The District Superintendent's guidance counselor coordinates the activities of the District Superintendent's office with the Bureau of Child Guidance. The guidance counselor takes notes and keeps records of the Guidance Conference. When the child returns from suspension, the guidance counselor helps to place him in the proper school situation. (172).

At the Guidance Conference it is made clear to the parents and the child that it is not intended to be punitive, but it is, rather, an effort to solve his school problems. Each one present, including the child if he is old enough, is asked what he thinks should be done and contributes to the discussion. Sometimes either the parents or the child will be asked to step outside for a moment so that one might discuss problems that would be difficult to discuss in front of the other. (173-74).

"The sole purpose of the conference is to study the facts and circumstances surrounding the temporary suspension of this student by his school principal, and to place the child in a more productive educational situation. At these conferences the assistant superintendent interviews the child, his parents and school personnel to learn the cause of the child's behavior. The conference is conducted in an atmosphere of understanding and cooperation, in a joint effort involving the parent, the school, guidance personnel and community and religious agencies. There is never any element of the punitive, but rather an emphasis on finding a solution to the problem.

"After full and careful study and discussion a plan is formulated to deal more adequately with the problems presented by the child. Every effort is bent towards the maintenance of a guidance approach.

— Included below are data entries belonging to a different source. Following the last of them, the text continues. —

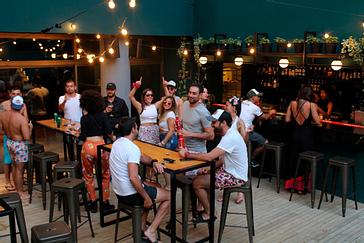 Viajero Hostels | Viajero Buenos Aires | Travelers enjoying the afternoon with activities in the bar and pool area, meeting new people and cultures at Viajero Hostel Buenos Aires.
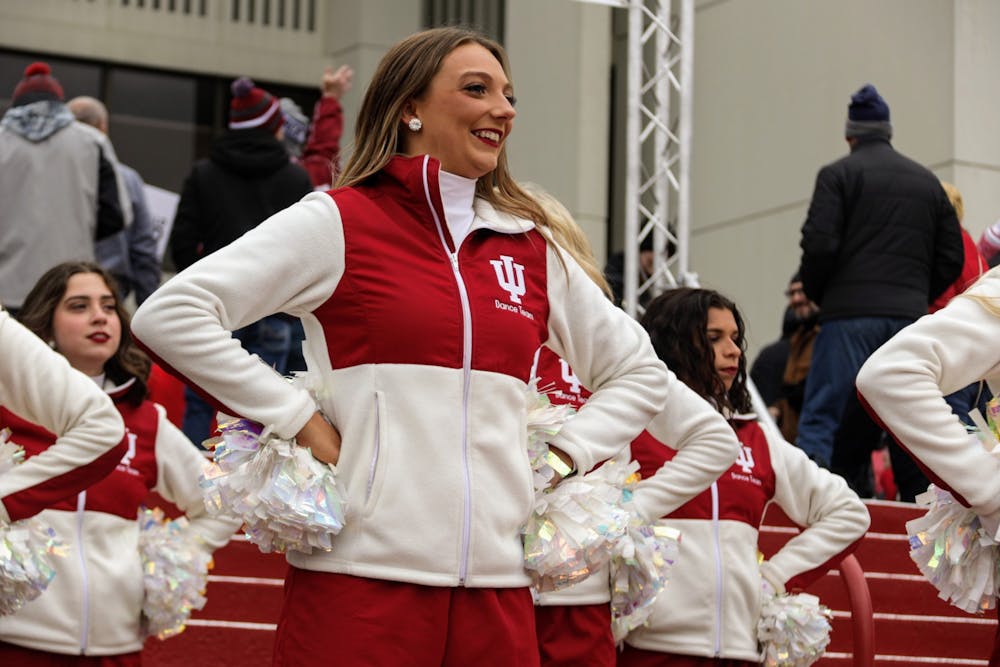 Senior Redstepper Julia Amones smiles at the crowd during the Walk, a tradition where the Marching Hundred and cheerleaders perform as the football team walks to Memorial Stadium, on Nov. 13, 2021, outside Assembly Hall. Amones said she loves her teammates and can't wait to watch and cheer them on once she graduates. 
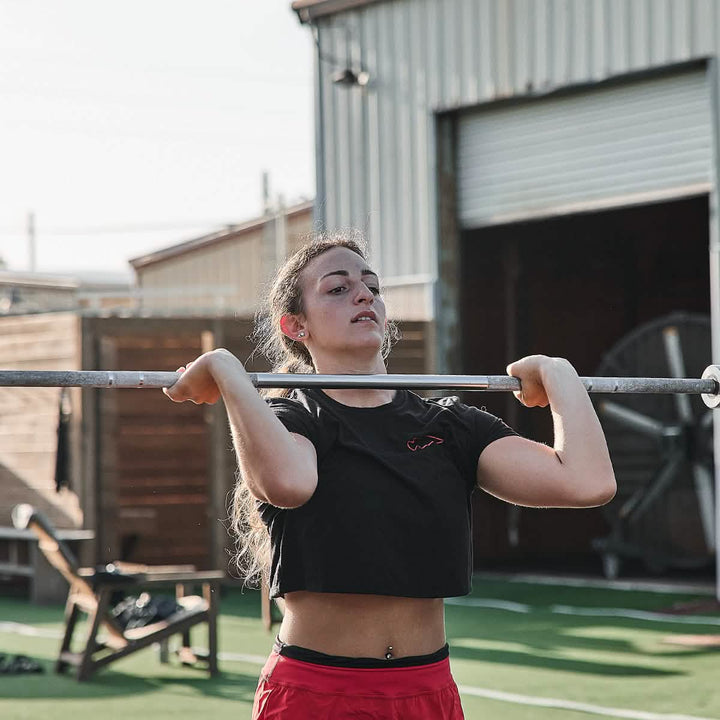 A woman is lifting a barbell outdoors in a gym setting while wearing the Women's Subtle Spearhead x CrossFit Cropped Tee - Poly-Blend by GORUCK, paired with red shorts. The area features artificial grass and wooden structures, with a large industrial fan in the background.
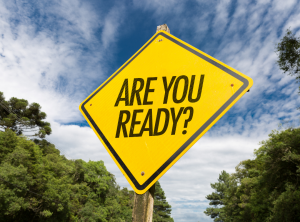 picture of yellow sign with phrase "Are You Ready?" in the middle in all capital letters. Background is a photo of a cloudy blue sky and trees.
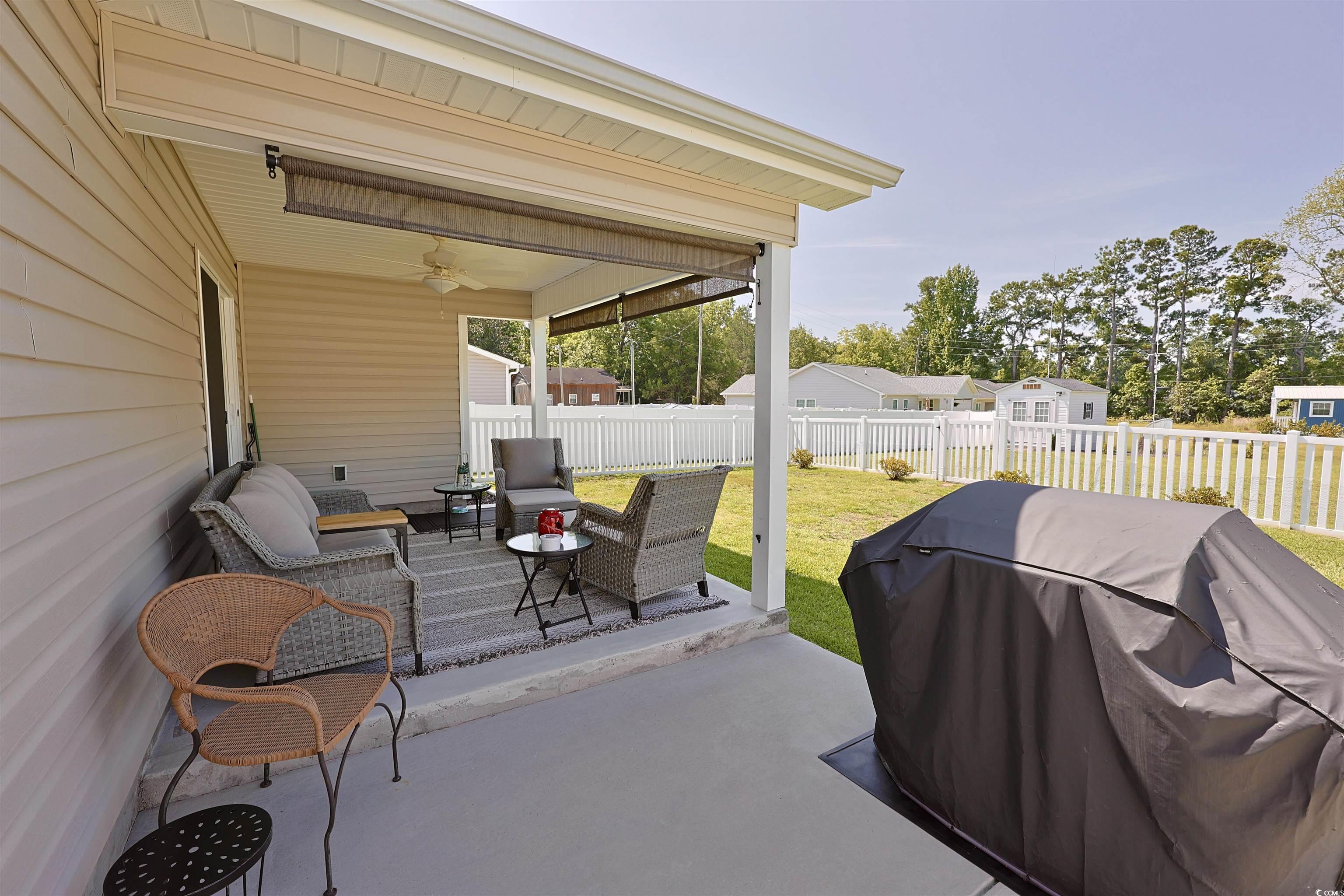 3604 Church Street Loris, SC 29569 - Photo 26 of 34 Fenced backyard featuring area for grilling, ceiling fan, a patio area, and an outdoor hangout area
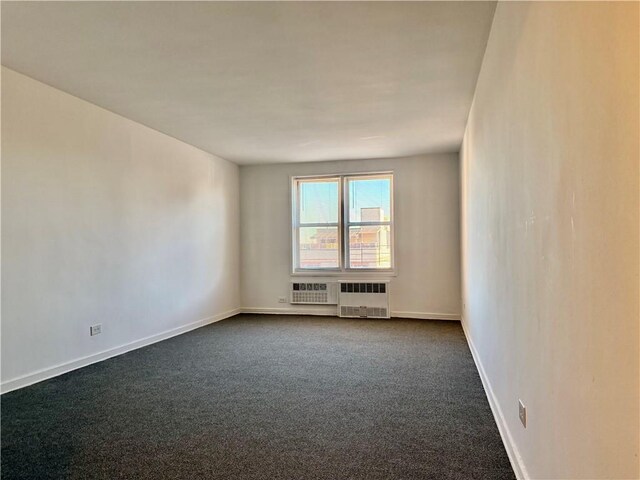 unfurnished room featuring radiator heating unit and dark carpet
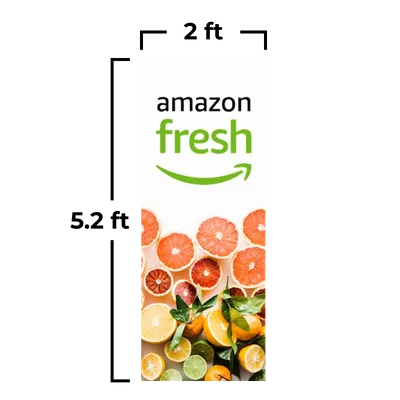 61 x 158 cm Logo of 'Amazon Fresh' above a variety of citrus fruits—sliced oranges, grapefruits, and lemons—against a white background.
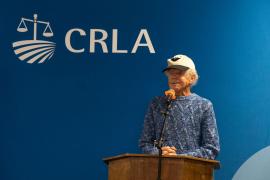 Maurice "Mo" Jourdane speaking at CRLA's 50th anniversary celebration of the El Cortito victory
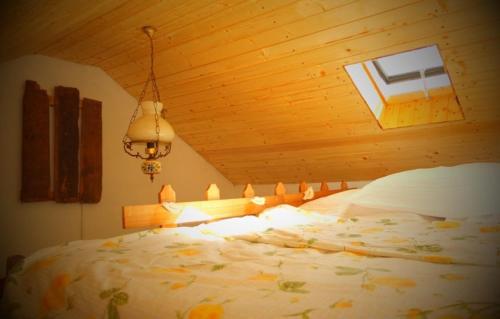 a bedroom with a large bed with a wooden ceiling at Căsuța cu Miez - Treehouse in Vîlsăneşti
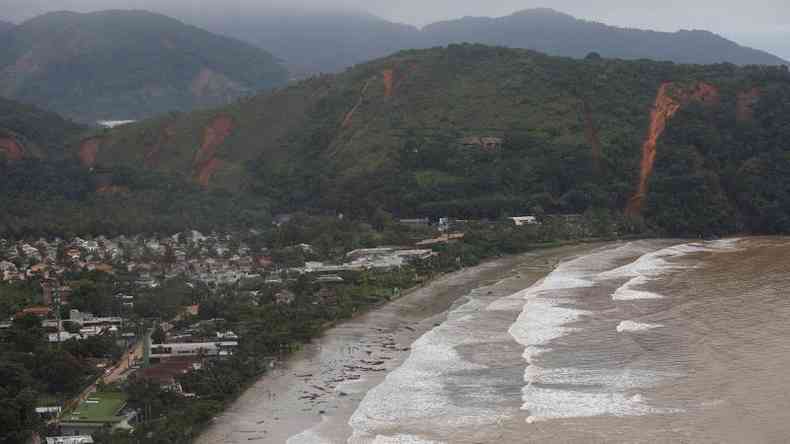 Foto area mostra praia e encostas com deslizamentos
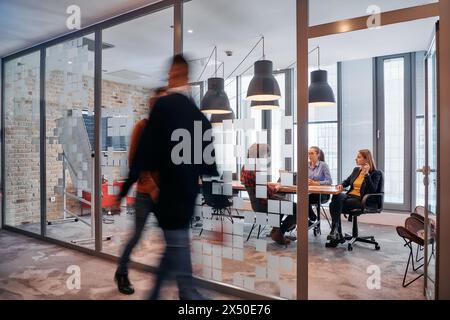 Nel caos dinamico di un ambiente di lavoro, un gruppo di giovani professionisti percorre il corridoio accanto al loro ufficio Foto Stock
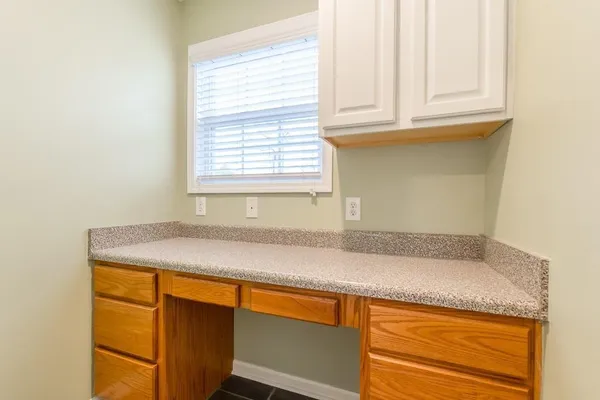 a utility room with granite countertop cabinets washer and dryer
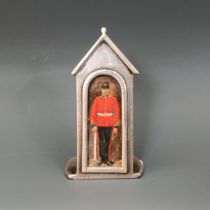 An Edward VII silver novelty menu holder, in the form of a sentry box, inset with a watercolour of a
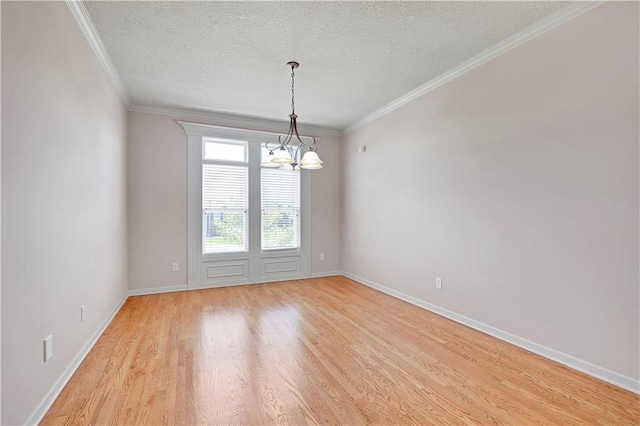4641 SW Soldier Dr, Lees Summit, MO 64082 - empty room featuring a chandelier, light wood-style flooring, a textured ceiling, baseboards, and crown molding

The emphasis is on returning the child as rapidly as possible to an educational setting calculated to be most useful to him."*fn4

At the very beginning of the conference, the District Superintendent's staff may gather to go over the school records and background of the case before the parents and child arrive, but the parents are asked what they think should be done with the child and "no decision is made until the parent and child have participated" (303).

It is important to note that there are only three things that can happen to a student as a direct result of the District Superintendent's conference:

1. The suspended child might be reinstated in the same school, in the same or ...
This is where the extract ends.